» **EXERCISE AIM**
Below are lines of data; restate word for word those running from the line containing "image for item" to the line containing "1st image of 1060 Godar Hollow Rd", inclusive, and no others.

────────────────

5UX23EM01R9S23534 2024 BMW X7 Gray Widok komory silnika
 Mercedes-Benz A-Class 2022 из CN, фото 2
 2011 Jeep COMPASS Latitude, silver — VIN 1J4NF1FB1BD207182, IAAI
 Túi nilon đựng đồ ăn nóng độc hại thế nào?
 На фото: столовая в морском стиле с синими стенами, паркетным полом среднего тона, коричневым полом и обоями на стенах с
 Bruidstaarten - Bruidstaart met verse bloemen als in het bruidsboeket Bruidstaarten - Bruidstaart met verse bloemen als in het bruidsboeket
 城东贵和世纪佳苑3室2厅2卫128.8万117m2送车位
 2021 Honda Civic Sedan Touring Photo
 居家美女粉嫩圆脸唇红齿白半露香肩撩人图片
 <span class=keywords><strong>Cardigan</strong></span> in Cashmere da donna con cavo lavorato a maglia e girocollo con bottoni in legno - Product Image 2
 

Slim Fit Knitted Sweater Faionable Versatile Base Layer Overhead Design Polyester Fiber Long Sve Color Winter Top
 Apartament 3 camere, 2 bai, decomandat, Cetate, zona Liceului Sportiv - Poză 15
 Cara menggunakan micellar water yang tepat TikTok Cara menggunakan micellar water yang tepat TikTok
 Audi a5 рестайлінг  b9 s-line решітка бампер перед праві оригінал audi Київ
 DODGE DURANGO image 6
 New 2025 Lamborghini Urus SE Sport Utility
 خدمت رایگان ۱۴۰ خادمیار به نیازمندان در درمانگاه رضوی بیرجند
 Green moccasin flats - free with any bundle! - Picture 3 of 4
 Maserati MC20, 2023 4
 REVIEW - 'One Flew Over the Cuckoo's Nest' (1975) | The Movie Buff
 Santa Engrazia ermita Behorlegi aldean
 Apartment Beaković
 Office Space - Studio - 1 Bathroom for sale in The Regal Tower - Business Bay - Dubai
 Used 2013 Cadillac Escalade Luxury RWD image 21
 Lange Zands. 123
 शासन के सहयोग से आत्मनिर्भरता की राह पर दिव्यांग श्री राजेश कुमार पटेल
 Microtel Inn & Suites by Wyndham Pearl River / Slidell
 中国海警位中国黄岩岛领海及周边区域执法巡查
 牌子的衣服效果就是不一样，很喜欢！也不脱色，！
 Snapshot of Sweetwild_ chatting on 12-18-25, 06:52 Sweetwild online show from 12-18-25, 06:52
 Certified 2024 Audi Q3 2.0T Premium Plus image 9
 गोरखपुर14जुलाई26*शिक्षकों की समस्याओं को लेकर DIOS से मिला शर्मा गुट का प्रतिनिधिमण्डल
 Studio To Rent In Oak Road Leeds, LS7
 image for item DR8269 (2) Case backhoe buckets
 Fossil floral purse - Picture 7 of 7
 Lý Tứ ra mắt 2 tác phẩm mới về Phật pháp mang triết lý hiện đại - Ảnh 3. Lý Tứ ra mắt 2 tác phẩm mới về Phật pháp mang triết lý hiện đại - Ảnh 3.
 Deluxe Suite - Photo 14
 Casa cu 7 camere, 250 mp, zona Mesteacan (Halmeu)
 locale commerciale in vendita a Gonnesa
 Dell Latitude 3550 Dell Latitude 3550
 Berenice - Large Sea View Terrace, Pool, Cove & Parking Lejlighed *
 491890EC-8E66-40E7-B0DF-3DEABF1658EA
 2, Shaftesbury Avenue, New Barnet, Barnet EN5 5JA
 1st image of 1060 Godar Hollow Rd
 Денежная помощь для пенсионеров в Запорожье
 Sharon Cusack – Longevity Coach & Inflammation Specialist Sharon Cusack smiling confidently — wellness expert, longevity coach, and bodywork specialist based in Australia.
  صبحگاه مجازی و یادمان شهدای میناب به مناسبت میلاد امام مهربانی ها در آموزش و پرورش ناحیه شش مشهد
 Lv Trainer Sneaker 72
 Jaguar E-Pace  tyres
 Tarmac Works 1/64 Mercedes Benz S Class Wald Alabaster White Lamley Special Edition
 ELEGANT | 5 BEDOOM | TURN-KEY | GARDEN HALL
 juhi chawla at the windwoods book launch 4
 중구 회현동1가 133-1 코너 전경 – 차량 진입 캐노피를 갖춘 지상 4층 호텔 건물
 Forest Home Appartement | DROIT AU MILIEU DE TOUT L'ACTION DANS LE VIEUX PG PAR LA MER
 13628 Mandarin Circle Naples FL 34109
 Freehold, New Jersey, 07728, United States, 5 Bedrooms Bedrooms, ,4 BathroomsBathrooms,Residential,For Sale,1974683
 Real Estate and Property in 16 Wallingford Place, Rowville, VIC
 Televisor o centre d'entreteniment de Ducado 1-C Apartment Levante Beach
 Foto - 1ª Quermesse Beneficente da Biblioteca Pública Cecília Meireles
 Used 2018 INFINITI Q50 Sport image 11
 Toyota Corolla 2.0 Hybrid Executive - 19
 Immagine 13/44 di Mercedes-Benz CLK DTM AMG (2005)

────────────────

» **RESULT OF THIS TASK**
 image for item DR8269 (2) Case backhoe buckets
 Fossil floral purse - Picture 7 of 7
 Lý Tứ ra mắt 2 tác phẩm mới về Phật pháp mang triết lý hiện đại - Ảnh 3. Lý Tứ ra mắt 2 tác phẩm mới về Phật pháp mang triết lý hiện đại - Ảnh 3.
 Deluxe Suite - Photo 14
 Casa cu 7 camere, 250 mp, zona Mesteacan (Halmeu)
 locale commerciale in vendita a Gonnesa
 Dell Latitude 3550 Dell Latitude 3550
 Berenice - Large Sea View Terrace, Pool, Cove & Parking Lejlighed *
 491890EC-8E66-40E7-B0DF-3DEABF1658EA
 2, Shaftesbury Avenue, New Barnet, Barnet EN5 5JA
 1st image of 1060 Godar Hollow Rd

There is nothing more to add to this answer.